The task => What is needed is a word-for-word copy of the lines below from the one with "Like what you" through the one with "Now we're going", both included, with every picture left out.

Supplied data =>
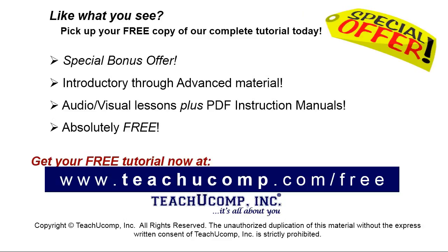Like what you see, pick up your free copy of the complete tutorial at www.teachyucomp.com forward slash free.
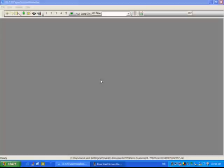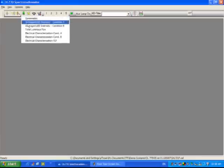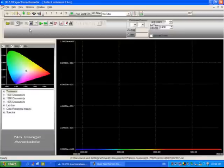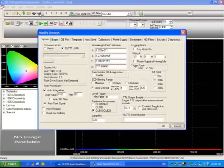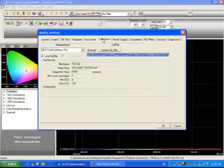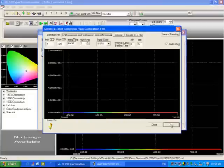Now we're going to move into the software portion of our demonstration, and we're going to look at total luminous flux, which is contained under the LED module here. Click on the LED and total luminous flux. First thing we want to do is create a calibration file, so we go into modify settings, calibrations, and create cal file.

==

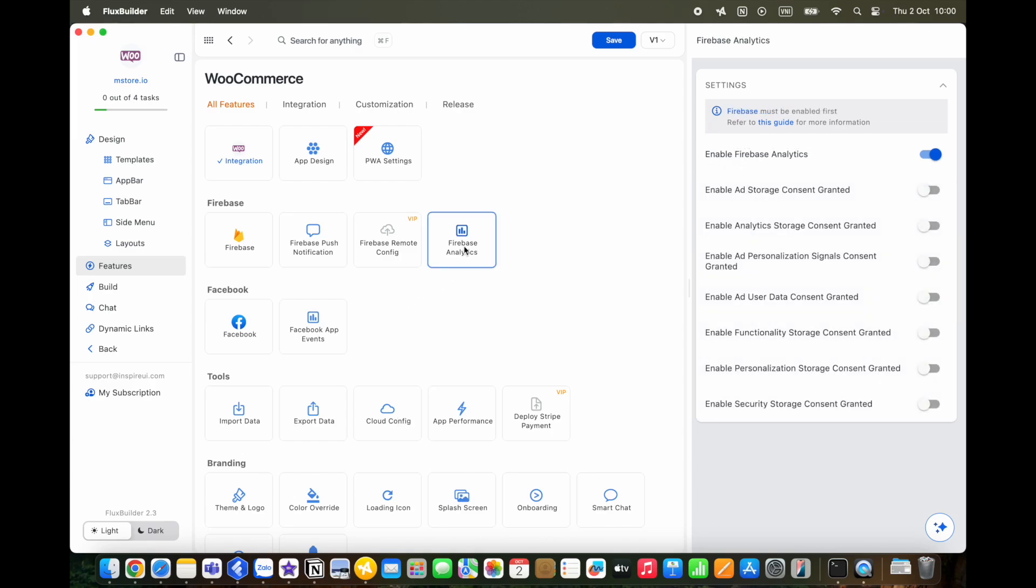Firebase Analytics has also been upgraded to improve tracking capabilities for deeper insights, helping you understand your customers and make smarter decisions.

--

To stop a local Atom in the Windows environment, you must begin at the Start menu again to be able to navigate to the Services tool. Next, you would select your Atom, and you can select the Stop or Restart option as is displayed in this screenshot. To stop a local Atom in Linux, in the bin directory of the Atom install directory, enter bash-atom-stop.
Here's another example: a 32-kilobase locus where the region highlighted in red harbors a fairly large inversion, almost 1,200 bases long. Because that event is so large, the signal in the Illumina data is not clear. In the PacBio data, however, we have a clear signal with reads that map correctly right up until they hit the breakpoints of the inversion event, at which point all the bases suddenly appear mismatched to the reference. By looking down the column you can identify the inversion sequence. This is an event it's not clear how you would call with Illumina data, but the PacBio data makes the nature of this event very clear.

Expected answer =>
Like what you see, pick up your free copy of the complete tutorial at www.teachyucomp.com forward slash free.
Now we're going to move into the software portion of our demonstration, and we're going to look at total luminous flux, which is contained under the LED module here. Click on the LED and total luminous flux. First thing we want to do is create a calibration file, so we go into modify settings, calibrations, and create cal file.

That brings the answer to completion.